• _Input data_:
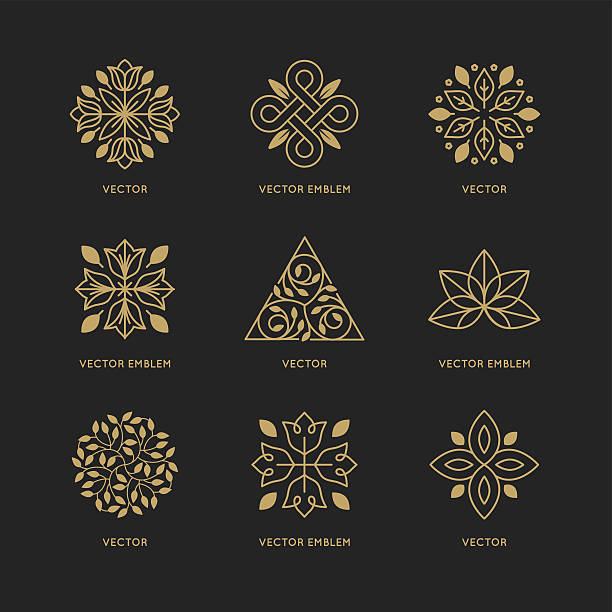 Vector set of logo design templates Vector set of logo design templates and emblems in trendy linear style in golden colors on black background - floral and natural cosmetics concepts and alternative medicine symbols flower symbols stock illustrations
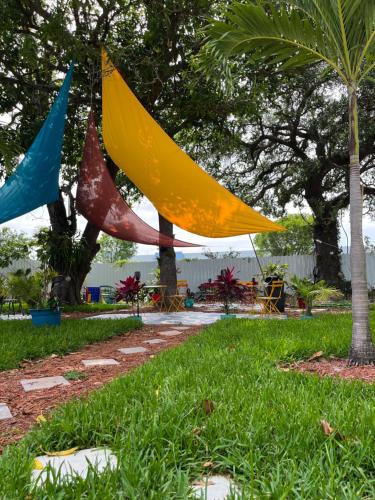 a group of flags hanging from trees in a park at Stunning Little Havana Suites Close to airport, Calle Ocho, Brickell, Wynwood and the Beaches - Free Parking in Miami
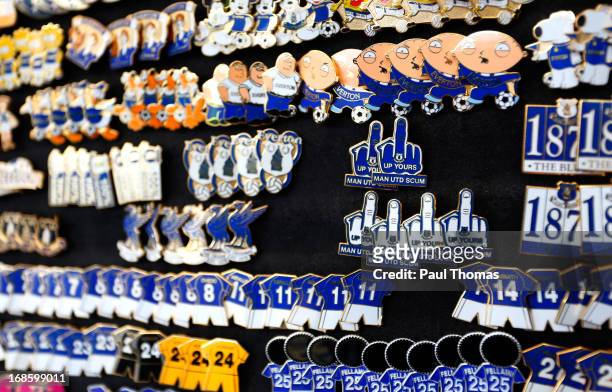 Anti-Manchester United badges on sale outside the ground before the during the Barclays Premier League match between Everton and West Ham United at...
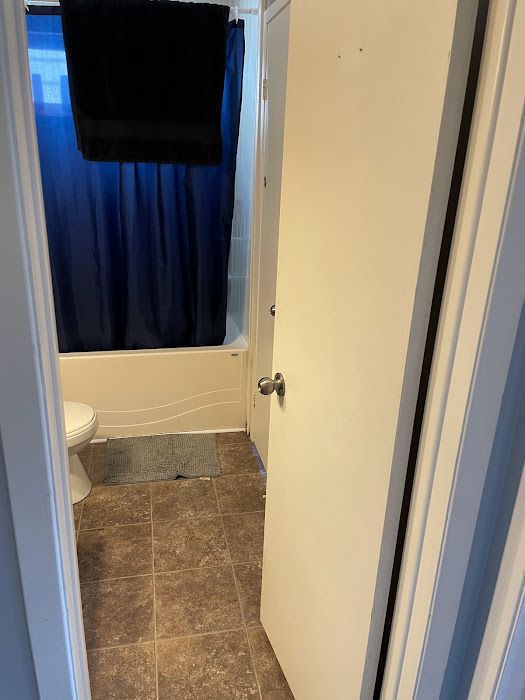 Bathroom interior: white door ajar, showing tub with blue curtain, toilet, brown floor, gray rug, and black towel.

• _Work request_: Print the material word for word; images are to be left out.

• _Answer box_:
 Vector set of logo design templates Vector set of logo design templates and emblems in trendy linear style in golden colors on black background - floral and natural cosmetics concepts and alternative medicine symbols flower symbols stock illustrations
 a group of flags hanging from trees in a park at Stunning Little Havana Suites Close to airport, Calle Ocho, Brickell, Wynwood and the Beaches - Free Parking in Miami
 Anti-Manchester United badges on sale outside the ground before the during the Barclays Premier League match between Everton and West Ham United at...
 Bathroom interior: white door ajar, showing tub with blue curtain, toilet, brown floor, gray rug, and black towel.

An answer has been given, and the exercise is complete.